The timer parameters determine the decision to end the phrase (recognition session). In addition, the recognition system (ASR) can independently return a sign that the client has finished speaking. She does this with the help of a trained neural model and reacts to intonations, language constructions and other patterns that she found in the training files.

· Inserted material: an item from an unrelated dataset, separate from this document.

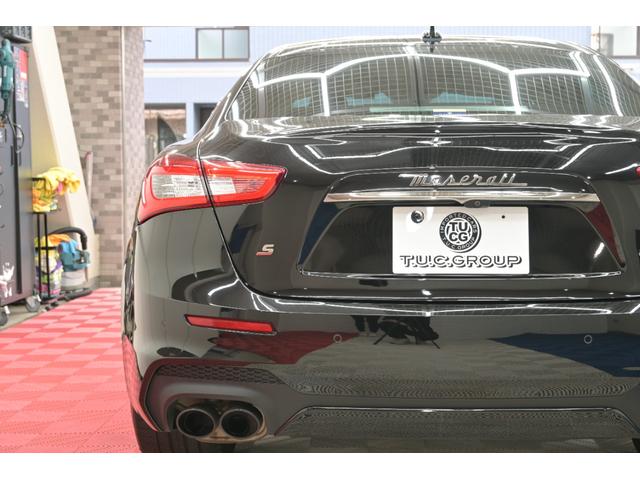 ギブリ S グランスポーツ ネリッシモ&ドライバーアシスタンスPKG ACC 黒革 純正ナビ フルセグ 全周囲カメラ CarPlay harman/kadrdon フットトランクオープナー ウラーノ20インチAW 2年保証付(18枚目)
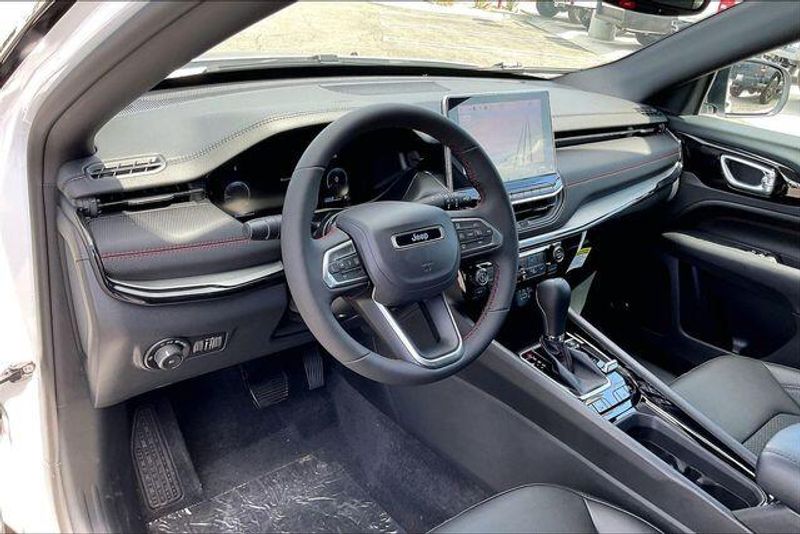 New 2026 Jeep Compass Trailhawk 4x4Image 6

If the ASR returns the end-of-phrase flag, the rest of the timer parameters will be ignored. Even if the client finished one phrase and started speaking the second almost instantly and managed to continue his speech in all time parameters, the system will no longer listen to him. She received a sign of the end of the phrase and ended the recognition session, so she ignores all the parameters listed below.
The duration of the speech recognition session is determined by the following parameters:
| Level | sint (ms) | nit (ms) | t (ms) |
|---|---|---|---|
| Monosyllabic answer | 100 | 4000 | 7000 |
| Very very short | 300 | 2000 | 5000 |
| Very short | 300 | 3000 | 5000 |
| Short | 400 | 3000 | 5000 |
| Normal | 960 | 3000 | 7000 |
| Normal (5 sec.) | 960 | 5000 | 7000 |
| Normal (180 sec.) | 1200 | 3000 | 180000 |
| Long | 1200 | 4000 | 10000 |
| Very long | 3000 | 4000 | 15000 |
| Very long (180 sec.) | 3000 | 4000 | 180000 |
The time after which the bot responds is not equal to the duration of the recognition session.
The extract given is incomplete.